With an estimated 30 million people passing in and out of prisons every year, prisoners will be key to controlling HIV and tuberculosis epidemics and reducing hepatitis spread worldwide, according to a major six-part series on HIV and related infections in prisoners, published in The Lancet and being presented at the International AIDS Conference in Durban, South Africa this week.1
“Prisons can act as incubators of tuberculosis, hepatitis C, and HIV and the high level of mobility between prison and the community means that the health of prisoners should be a major public-health concern. Yet, screening and treatment for infectious diseases are rarely made available to inmates, and only around 10% of people who use drugs worldwide are being reached by treatment programmes”, an author of the Series and President of the International AIDS Society Professor Chris Beyrer, John Hopkins Bloomberg School of Public Health, Baltimore, said in a prepared statement. “The most effective way of controlling infection in prisoners and the wider community is to reduce mass imprisonment of injecting drug users.”2
Data presented in the series show that with growing numbers of injecting drug users in prison, the prevalence of infectious diseases has also increased. For example: levels of HIV infection are 20 times higher among prisoners in western Europe than the civilian population (4.2% vs 0.2%), and around three times higher among prisoners in eastern and southern Africa (15.6% vs 4.7%) and north America (1.3% vs. 0.3%).
While most prisoners are men, women and girls are the fastest growing imprisoned group worldwide, and in most regions of the world, levels of HV infection are higher in female inmates than male prisoners including eastern Europe and central Asia (22% vs 8.5%). High rates of hepatitis C are also seen among prisoners, with 1 in 6 inmates in parts of Europe and the USA carrying hepatitis C virus, according to the series.
Active tuberculosis prevalence is also higher in prisons than the general population in all settings, according to the series. One study demonstrated that prevalence was 40 times higher in one prison in Brazil than the general population.
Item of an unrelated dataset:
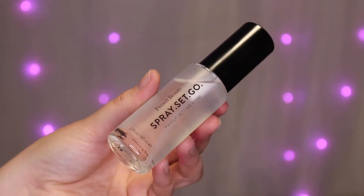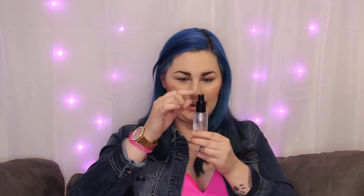The next item is a setting spray. It is the Spray Set Go Makeup Setting Spray from Project Beauty. We've received Project Beauty in the box before and I remember liking their items. This retails for $32 as well. It just says it's a setting spray — it doesn't make it dewy or anything like that. It's kind of on a slant, which is weird. It doesn't smell. You definitely have to spray it far away because from close up there's lots of little speckles, but I did spray it more than once. That's nice — I can always go for a new setting spray.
Moreover, new estimates produced for the Series suggest that up to half of all new HIV infections over the next 15 years in eastern Europe will stem from increased HIV transmission risk among inmates who inject drugs; and imprisonment could be responsible for three-quarters of new tuberculosis infections among people who inject drugs, and around 6% of all yearly tuberculosis infections. High rates of injecting drug use in some settings, lack of access to condoms, unsanitary conditions, and gross overcrowding have made prisons and detention centers high risk environments for spread of these infections.
Almost half of countries in sub-Saharan Africa report that prisons are at 150% capacity or higher. Increased frequency and duration of imprisonment increase individual risk for these infections, particularly HIV and tuberculosis.
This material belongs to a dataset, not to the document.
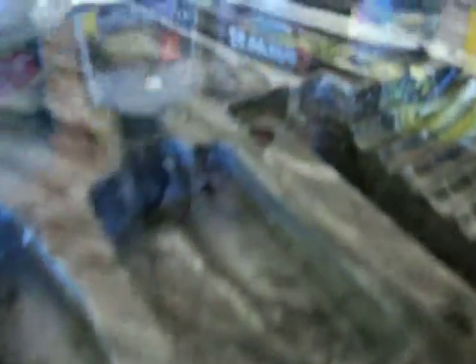That's only clay barred and compounded once, so let's do another whack of the compound. And then I'll put the medium cut on it, and that'll bring it even finer. And then obviously the Swirl X, and then we'll take it from there.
But these health issues do not remain confined to prisons. With around 10.2 million people imprisoned worldwide at any given time (nearly 2.2 million in the USA alone), and an estimated 30 million passing in and out of prison each year, substantial numbers of undiagnosed and untreated infections in prison can spread to the community when prisoners return home. Treatment interruptions upon release threaten former prisoners and their communities, according to the researchers.
The Series brings together a wealth of evidence to show that countries can reduce and even reverse infectious disease transmission by scaling up proven harm reduction and treatment strategies in prisons like opioid agonist therapy (OAT), antiretroviral therapy (ART), hepatitis B vaccination, condom distribution, and sterile needle and syringe exchange.
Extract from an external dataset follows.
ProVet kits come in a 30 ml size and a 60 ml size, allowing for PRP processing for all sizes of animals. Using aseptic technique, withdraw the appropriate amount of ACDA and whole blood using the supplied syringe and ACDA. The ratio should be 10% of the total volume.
Modelling conducted for the Series suggests that reducing mass incarceration of people who use drugs, in this case lowering the number of prisoners who inject drugs by 25%, could result in a 7–15% drop in new cases of HIV among injecting drug users in the community over 5 years. Similarly, scaling up OAT (eg, methadone and buprenorphine) to all those in need in prison, and after release, could prevent over a quarter (28%) of new HIV cases in people who inject drugs in just 5 years, according to the series.
Although such interventions have proved successful in prisons and are required by international human rights law, they are severely underfunded and are often impeded by discrimination and restrictive prison rules in all countries—both in high- and low- income countries.
The authors of the series make several recommendations to improve access to health care for prisoners—leading with the urgent need to recognize the contribution of prison health to health inequalities, and to make prison health a priority by convincing governments that health policy must be based on the best available evidence. Other recommendations include addressing the fundamental right of prisoners to a minimum standard of health care at least equivalent to the wider community; and to increase cooperation and coordination between criminal justice and public health systems.